- Steven and Peridot reach the Cluster inside the Earth.
- Episode no.: Season 3 Episode 2
- Directed by: Ki-Yong Bae (animation); Jin-Hee Park (animation); Jasmin Lai (art); Kat Morris (supervising); Ian Jones-Quartey (co-executive producer);
- Written by: Raven Molisee; Paul Villeco;
- Original air date: May 12, 2016
- Running time: 11 minutes

Episode chronology
| ← Previous "Super Watermelon Island" | Next → "Same Old World" |

= Gem Drill =

"Gem Drill" is the second episode of the third season of American animated television series Steven Universe, which premiered on May 12, 2016 on Cartoon Network. It was written and storyboarded by Raven Molisee and Paul Villeco. The episode was viewed by 1.693 million viewers.
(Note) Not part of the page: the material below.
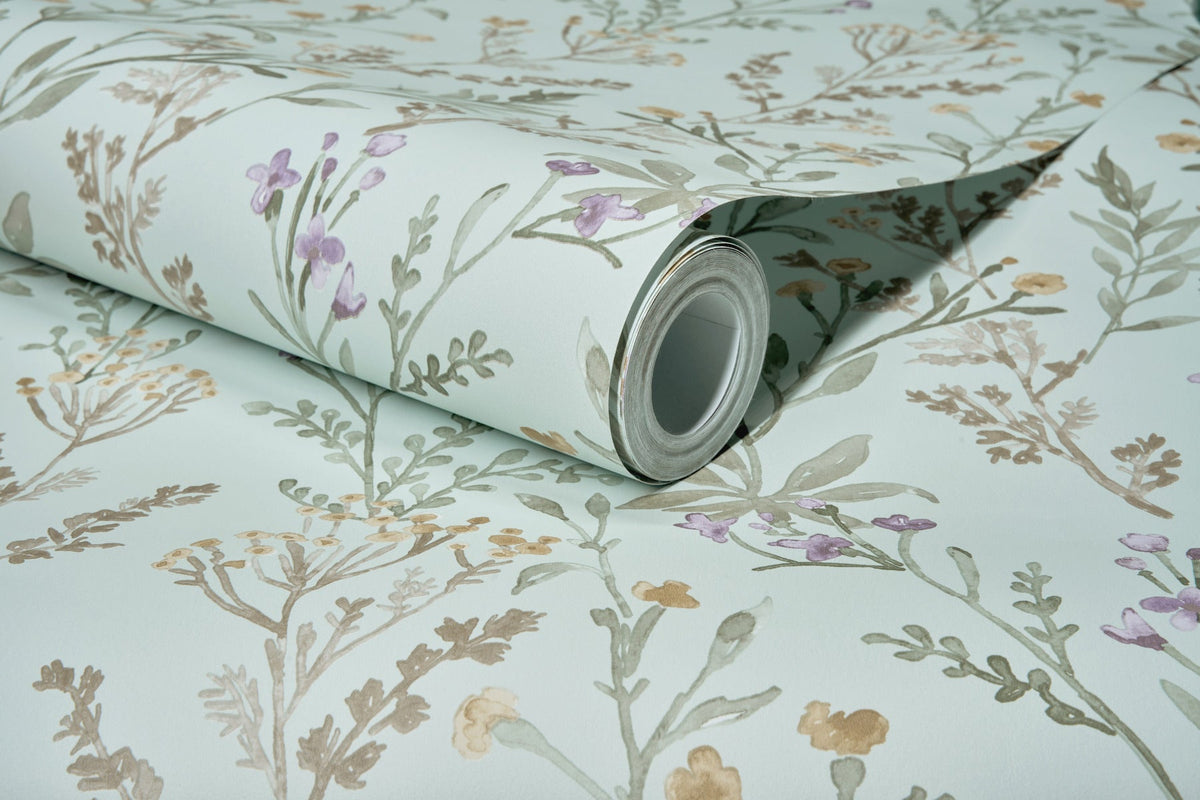 A partially unrolled roll of Chesapeake Laverne Wildflowers Wallpaper by York Wallcoverings, featuring a light blue background adorned with delicate floral patterns in shades of green, purple, and yellow, rests on a flat surface.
The episode deals with one of the two prominent threats of the second season, the Cluster. Steven and Peridot use their completed drill to travel down into Earth's mantle to stop The Cluster from taking form and destroying the Earth after it starts showing signs of manifestation.

==Plot==
Picking up immediately after the events of "Super Watermelon Island", with the other Crystal Gems stranded on Mask Island, Steven (Zach Callison) tells Peridot (Shelby Rabara) that it is up to the two of them to stop the Cluster, the underground geo-weapon that threatens to destroy the Earth. Steven and Peridot climb into their drill and begin tunneling. As they drill, Steven and Peridot discuss Peridot's previous life on the Gem homeworld and how it compares to her life on Earth. When Cluster prototypes—artificial, deformed fusions of broken Gem shards buried in the Earth—attack the drill, Steven fights them off but feels uneasy about not trying to help them.

The drill eventually arrives at the Cluster, an immense spherical formation of millions of Gem shards. It is trying to take a physical form, but is not yet able to. Peridot prepares the drill as Steven frets that maybe the Cluster just doesn't know what it is doing. Peridot is still determined to destroy it, as there is a possibility that it still could destroy Earth if they don't stop it, and begins to drill into the Cluster, but is unable even to pierce the surface.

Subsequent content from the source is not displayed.